Der Altbau hat im Internet sehr gute Bewertungen, die Gäste schätzen
Sauberkeit, Ordnung und die Nähe zur Elbe. Gegenüber vom Hotel steht ein
Autohaus, daneben eine Schule. Die Welt ist in der sächsischen
Kleinstadt zwar nicht sonderlich schön, aber sie war aus Sicht von
Einwohnern und Urlaubern zumindest lange in Ordnung.
"Bis das Theater losging", sagt Sylvia Fritzsche,
Vize-Geschäftsführerin des Hotels. Die 29-Jährige meint die
Ausschreitungen rund um eine Flüchtlingsunterkunft vor etwas mehr als
einer Woche. Mehr als 30 Polizisten wurden dabei verletzt. Flüchtlinge
sollten in einen alten Baumarkt einziehen, rechte Krawallmacher wollten
das verhindern. Nur unter massivem Polizeischutz konnten die Flüchtlinge
einziehen. Mittlerweile wohnen knapp 600 in dem alten Baumarkt.
Hotelmanagerin Fritzsche kommt aus Heidenau. Dass ausgerechnet in dem
von rechten Krawallen in die Schlagzeilen geratenen Ort ein Hotel mit
dem Namen Reichskrone steht - Fritzsche seufzt. Der Name sei schon viel
älter als das Dritte Reich, sagt sie. Das Hotel sei weit über 100 Jahre
alt. Vor ein paar Tagen war Comedian Oliver Pocher im Ort. "Wo ist wohl
das Pack?", fragt er in seinem Internet-Video. "Natürlich in der
Rrreichskrrone." Fritzsche kann über die Szene nur kurz lachen. "Durch
die ganze Geschichte mit den Ausschreitungen haben wir zahlreiche
Stornos." Viele Menschen riefen an und fragten, ob alles sicher sei in
dem 16000-Einwohner-Städtchen. "Ich habe nichts gegen Flüchtlinge, aber
wir wurden ja nicht mal gefragt."
Wer in Heidenau über die Straßen geht, sieht nicht viele Menschen.

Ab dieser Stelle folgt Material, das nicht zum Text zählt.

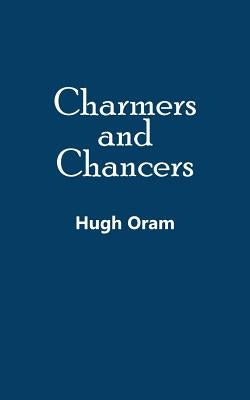 Charmers and Chancers by Oram, Hugh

Einige gehen im Supermarkt gegenüber der Flüchtlingsunterkunft
einkaufen. An zwei nebeneinander platzierten Buden gibt es "echte
Thüringer Rostbratwurst". Nur die Hauptstraße des Ortes trennt die
Rostbratwurst von den Flüchtlingen. "Germany is so beautiful", sagt
Mohammad Gomah. Deutschland ist so schön. Mohammad ist 19 Jahre alt und
innerhalb von zwei Jahren aus seiner Heimatstadt Herat in Afghanistan
nach Deutschland gelaufen. Mehr als 5000 Kilometer zu Fuß. Dass es in
Heidenau viele Gegner der Unterkunft gibt, störe ihn nicht. Da wo
Mohammad herkommt, gibt es schlimmere Dinge. "Germany is so beautiful."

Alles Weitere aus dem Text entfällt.